Déborah Lechner | 8 juillet 2022 - MAJ : 08/07/2022 17:30
Déborah Lechner | 8 juillet 2022 - MAJ : 08/07/2022 17:30

Chris Williams, le co-réalisateur de Vaiana, la légende du bout du monde et des Nouveaux Héros fait son retour avec Le Monstre des mers, pour lequel il a lâché Disney et rejoint Netflix. Comme ses précédents travaux, ce nouveau long-métrage d'animation n'évite pas certains écueils, mais reste malgré tout une bonne alternative au décevant Buzz l'Éclair ou aux insupportables Minions 2 qui sont en ce moment à l'affiche.

SEA WHAT YOU WANT

Il faut moins de 10 secondes pour être happé par Le Monstre des mers et se laisser emporter par ses flots impétueux. Dans la courte séquence qui ouvre le film, tout est dantesque : la teinte verdâtre de la mer en furie, le navire en flammes au loin, le tonnerre qui gronde, la foudre qui s'abat, un monstre marin qui rôde et la détresse d'un enfant rescapé du naufrage. Cette générosité et ce traitement homérique se retrouvent ensuite dans toute la première moitié du film, qui exhibe un impressionnant bestiaire inspiré des créatures mythiques souvent représentées sur les anciennes cartes navales. 

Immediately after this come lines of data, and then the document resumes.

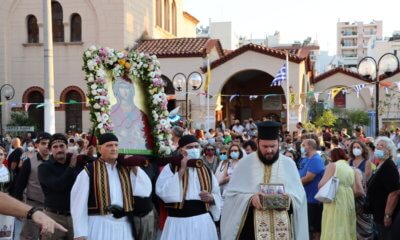 Πλήθος Πιστών Τίμησαν Τον Εορτασμό Της Αγίας Μαρίνας Στην Ηλιούπολη (ΦΩΤΟ)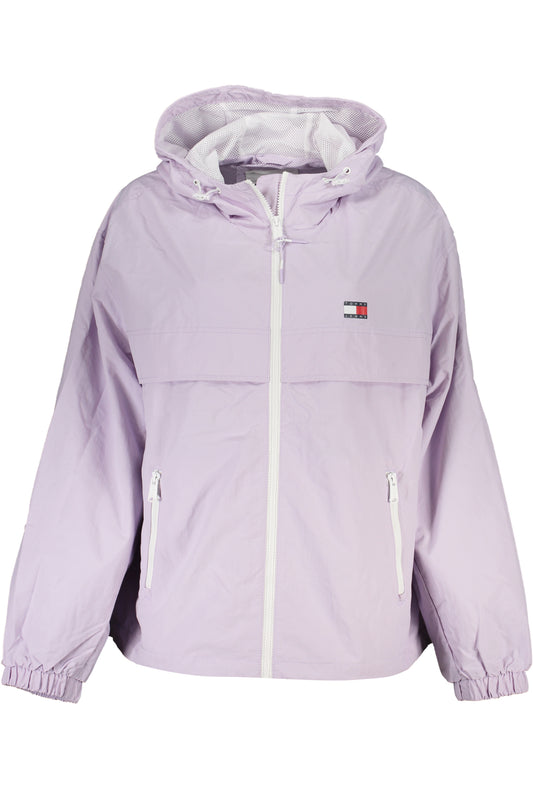 TOMMY HILFIGER GIACCA SPORTIVA DONNA VIOLA-0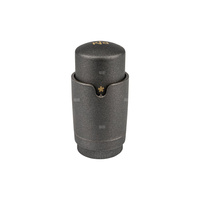 Głowica termostatyczna cieczowa M30x1,5 KOMFORT PRO, Grafit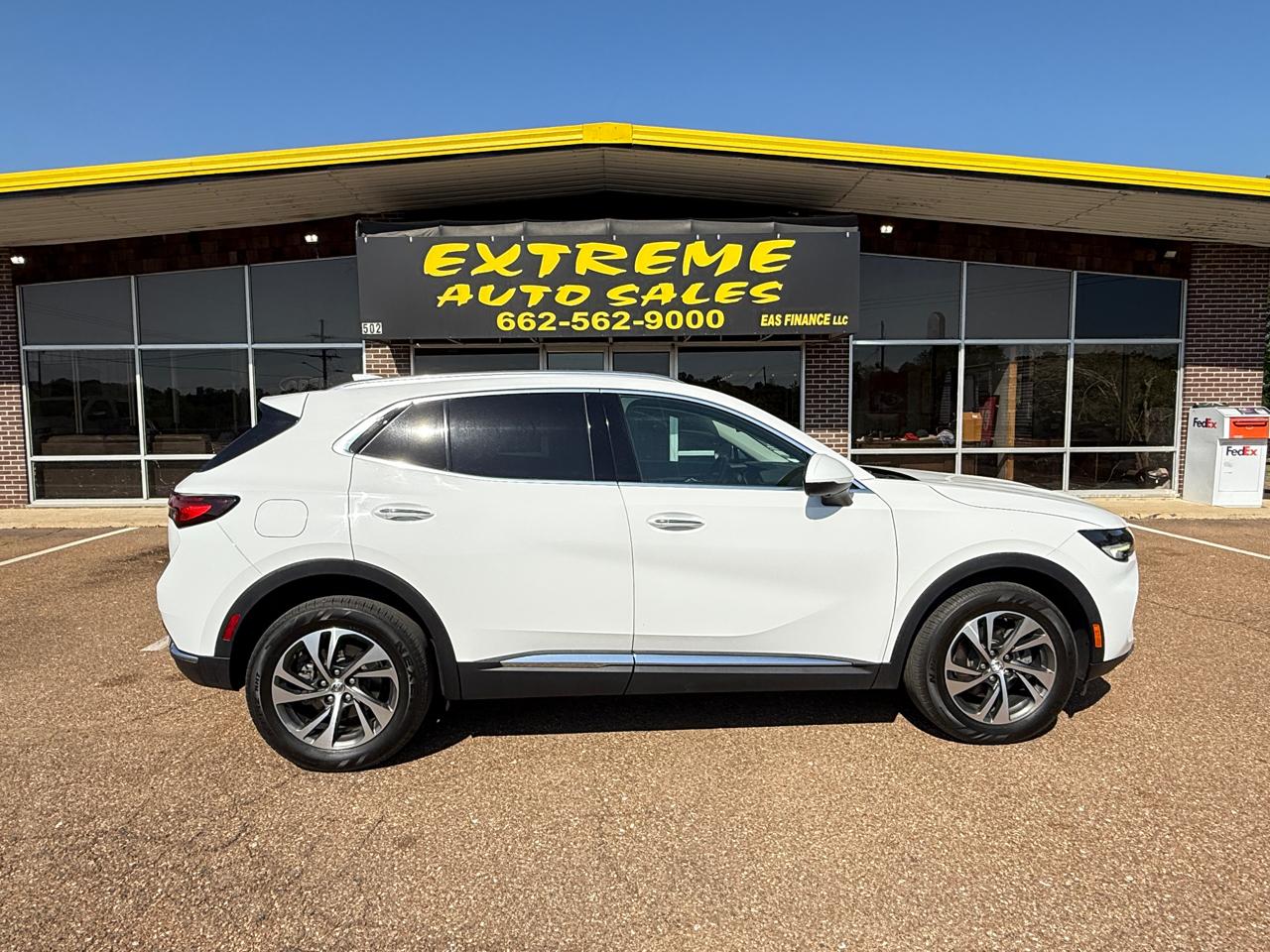 2022 Buick Envision Essense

Le design des différentes bêtes n'a rien de transcendant en soi, mais la mise en scène et les compositions de plans jouent intelligemment avec les différentes échelles, ne serait-ce que sur l'affiche. Les humains, leurs navires et les monstres partagent les mêmes plans (ce qui demande de se casser un minimum la tête) pour souligner le gigantisme et la majesté des uns ou à l'inverse la petitesse et l'insignifiance des autres.

Le film offre ainsi un grand nombre de plans à couper le souffle, dont certains, plus contemplatifs, rappellent les films de Kaiju (avec en bonus un combat destructeur entre deux titans marins). Par endroit, le film passe encore à une échelle supérieure pour illustrer l'immensité du monde et de l'océan en noyant ses géants qui retrouvent la taille d'un poisson quelconque. 

 

Le Monstre des mers : photoCe que veut réellement dire "se sentir petit"

 

On ne peut aussi que s'émerveiller devant la beauté plastique de l'ensemble. La réalisation vive et aérienne ainsi que le montage maîtrisé bonifient et accentuent les scènes d'action – comme lors de la première chasse qui rappelle Sinbad - La Légende des sept mers – et les séquences plus comiques qui, pour une fois, servent réellement la narration et ne sont pas de simples hochets agités dans l'espoir de garder l'attention du public. 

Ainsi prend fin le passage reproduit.